Plotted my route this morning to watch stage 7 . Cycling over to Fillingay then racing over to catch them coming out of Atherstone


----------



## ColinJ (2 Sep 2019)

Hmm... I have just noticed that there is a KOM at Grains Bar between Delph and Shaw on Stage 8. That is somewhere that I occasionally cycle to so if the weather is okay I'll ride up there and take a few photos of the peloton, then carry on to make a decent hilly loop of it.


----------



## Thomson (2 Sep 2019)

Sure there racing past duns. Used to work there for ten and a half years so it’s like a home for me. Might go down....


----------



## ColinJ (2 Sep 2019)

ColinJ said:


> Hmm... I have just noticed that there is a KOM at Grains Bar between Delph and Shaw on Stage 8. That is somewhere that I occasionally cycle to so if the weather is okay I'll ride up there and take a few photos of the peloton, then carry on to make a decent hilly loop of it.


Anyone fancy joining me for this hilly metric century ride from Todmorden with a stop at the Grains Bar KoM? (At my usual slow/steady pace!)


----------



## gavroche (2 Sep 2019)

ColinJ said:


> Anyone fancy joining me for this hilly metric century ride from Todmorden with a stop at the Grains Bar KoM? (At my usual slow/steady pace!)


Out of curiosity, what is your usual slow/steady pace ?


----------



## ColinJ (2 Sep 2019)

gavroche said:


> Out of curiosity, what is your usual slow/steady pace ?
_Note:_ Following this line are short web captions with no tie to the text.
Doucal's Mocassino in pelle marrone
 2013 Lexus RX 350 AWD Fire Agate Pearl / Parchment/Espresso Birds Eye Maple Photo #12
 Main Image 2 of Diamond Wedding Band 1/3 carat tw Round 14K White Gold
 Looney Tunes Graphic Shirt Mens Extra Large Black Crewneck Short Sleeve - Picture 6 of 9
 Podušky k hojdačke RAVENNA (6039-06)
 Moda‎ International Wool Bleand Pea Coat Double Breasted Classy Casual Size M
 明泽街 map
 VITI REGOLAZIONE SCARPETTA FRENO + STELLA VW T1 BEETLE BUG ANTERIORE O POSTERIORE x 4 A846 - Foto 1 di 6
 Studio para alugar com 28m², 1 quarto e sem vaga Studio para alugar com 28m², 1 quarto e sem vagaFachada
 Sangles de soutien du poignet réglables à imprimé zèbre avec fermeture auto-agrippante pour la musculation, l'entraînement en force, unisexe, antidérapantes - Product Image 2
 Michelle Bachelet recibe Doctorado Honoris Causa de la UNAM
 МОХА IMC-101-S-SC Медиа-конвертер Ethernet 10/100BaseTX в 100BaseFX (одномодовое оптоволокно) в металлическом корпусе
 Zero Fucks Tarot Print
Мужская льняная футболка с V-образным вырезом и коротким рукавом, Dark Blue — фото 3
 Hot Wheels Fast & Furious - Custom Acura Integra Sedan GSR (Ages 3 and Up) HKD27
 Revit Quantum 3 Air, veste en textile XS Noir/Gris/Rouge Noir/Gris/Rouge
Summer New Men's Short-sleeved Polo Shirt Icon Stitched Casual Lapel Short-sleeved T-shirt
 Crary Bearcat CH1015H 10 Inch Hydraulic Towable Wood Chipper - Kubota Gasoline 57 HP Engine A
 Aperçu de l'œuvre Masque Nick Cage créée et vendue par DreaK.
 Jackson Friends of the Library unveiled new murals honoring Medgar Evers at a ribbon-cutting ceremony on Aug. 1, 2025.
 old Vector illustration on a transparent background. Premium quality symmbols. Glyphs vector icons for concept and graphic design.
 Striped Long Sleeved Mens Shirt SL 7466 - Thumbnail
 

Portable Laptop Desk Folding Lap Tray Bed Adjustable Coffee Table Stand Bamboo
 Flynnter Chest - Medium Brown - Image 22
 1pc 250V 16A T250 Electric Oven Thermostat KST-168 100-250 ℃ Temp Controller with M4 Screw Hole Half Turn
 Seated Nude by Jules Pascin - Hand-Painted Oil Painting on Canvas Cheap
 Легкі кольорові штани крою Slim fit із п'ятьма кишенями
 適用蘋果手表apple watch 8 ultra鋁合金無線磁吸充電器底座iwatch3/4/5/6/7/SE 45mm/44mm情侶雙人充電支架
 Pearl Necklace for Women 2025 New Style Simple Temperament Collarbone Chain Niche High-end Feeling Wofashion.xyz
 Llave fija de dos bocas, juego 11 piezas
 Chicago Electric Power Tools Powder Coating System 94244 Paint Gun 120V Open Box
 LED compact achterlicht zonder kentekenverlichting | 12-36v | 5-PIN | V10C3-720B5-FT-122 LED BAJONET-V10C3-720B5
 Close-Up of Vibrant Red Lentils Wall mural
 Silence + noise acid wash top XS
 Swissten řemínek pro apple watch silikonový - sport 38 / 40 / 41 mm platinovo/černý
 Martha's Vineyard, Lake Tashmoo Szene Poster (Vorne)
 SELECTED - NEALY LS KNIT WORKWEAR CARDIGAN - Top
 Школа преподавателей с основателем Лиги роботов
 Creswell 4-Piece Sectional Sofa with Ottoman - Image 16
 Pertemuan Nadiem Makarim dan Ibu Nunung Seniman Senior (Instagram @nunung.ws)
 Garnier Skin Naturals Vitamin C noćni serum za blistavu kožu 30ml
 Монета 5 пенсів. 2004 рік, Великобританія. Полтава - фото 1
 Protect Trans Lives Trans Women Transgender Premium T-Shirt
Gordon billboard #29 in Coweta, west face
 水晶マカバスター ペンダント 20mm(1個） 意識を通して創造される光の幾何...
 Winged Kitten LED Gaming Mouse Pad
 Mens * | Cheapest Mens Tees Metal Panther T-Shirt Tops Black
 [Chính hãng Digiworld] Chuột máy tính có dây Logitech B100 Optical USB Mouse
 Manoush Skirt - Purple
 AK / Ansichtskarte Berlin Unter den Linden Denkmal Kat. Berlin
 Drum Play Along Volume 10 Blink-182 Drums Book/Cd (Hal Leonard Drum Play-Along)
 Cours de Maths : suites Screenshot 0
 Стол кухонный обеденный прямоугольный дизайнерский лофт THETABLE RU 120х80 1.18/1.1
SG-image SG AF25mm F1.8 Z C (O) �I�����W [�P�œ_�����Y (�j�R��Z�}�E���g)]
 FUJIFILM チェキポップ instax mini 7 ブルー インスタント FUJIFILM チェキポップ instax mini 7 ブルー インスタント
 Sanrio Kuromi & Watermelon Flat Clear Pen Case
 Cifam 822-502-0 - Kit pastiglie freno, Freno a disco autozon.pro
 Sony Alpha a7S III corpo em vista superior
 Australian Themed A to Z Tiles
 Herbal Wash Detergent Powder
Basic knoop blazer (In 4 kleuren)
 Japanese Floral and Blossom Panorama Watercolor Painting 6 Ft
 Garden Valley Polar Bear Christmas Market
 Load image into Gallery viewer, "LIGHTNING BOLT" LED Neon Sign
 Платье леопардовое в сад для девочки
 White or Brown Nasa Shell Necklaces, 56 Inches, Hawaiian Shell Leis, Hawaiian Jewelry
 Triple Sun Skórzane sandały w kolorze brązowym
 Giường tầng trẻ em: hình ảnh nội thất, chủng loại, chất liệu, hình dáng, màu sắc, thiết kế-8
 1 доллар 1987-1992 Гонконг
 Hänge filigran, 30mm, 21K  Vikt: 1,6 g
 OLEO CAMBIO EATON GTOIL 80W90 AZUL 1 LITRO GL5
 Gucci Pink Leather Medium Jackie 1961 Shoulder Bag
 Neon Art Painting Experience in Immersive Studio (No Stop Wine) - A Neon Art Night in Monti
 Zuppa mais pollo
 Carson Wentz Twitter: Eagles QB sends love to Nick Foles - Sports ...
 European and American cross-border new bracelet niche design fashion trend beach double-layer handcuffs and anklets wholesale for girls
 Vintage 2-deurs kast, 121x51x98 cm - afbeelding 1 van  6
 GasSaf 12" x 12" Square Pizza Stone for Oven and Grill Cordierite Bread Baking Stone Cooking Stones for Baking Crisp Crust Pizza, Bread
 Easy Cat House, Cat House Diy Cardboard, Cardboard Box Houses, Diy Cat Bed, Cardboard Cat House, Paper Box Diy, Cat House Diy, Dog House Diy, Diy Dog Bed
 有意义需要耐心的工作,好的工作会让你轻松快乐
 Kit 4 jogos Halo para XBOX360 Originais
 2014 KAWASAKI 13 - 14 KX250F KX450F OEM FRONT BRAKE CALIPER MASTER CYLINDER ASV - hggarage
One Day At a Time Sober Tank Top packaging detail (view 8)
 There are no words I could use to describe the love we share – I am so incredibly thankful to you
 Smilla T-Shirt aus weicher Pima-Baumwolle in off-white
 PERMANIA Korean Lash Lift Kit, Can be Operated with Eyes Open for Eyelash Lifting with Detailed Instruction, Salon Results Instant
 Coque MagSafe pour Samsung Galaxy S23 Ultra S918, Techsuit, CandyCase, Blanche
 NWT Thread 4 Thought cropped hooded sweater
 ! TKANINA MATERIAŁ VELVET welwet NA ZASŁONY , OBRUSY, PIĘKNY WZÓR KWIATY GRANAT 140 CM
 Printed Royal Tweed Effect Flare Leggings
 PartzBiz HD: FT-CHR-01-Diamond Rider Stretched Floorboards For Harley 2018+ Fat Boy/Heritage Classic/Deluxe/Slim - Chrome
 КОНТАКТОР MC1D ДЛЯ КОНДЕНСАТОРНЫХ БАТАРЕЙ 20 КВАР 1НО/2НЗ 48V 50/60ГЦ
On hilly routes like that these days in chatty company, an overall average speed including stops of about 13 kph (8 mph), sometimes less. 

I did a solo hilly 100 km ride this summer at an overall speed of about 15 kph (9.5 mph). That was a very hot day which sapped me. I reckon I could just about do 16-17 kph (10-10.5 mph) on a milder day. 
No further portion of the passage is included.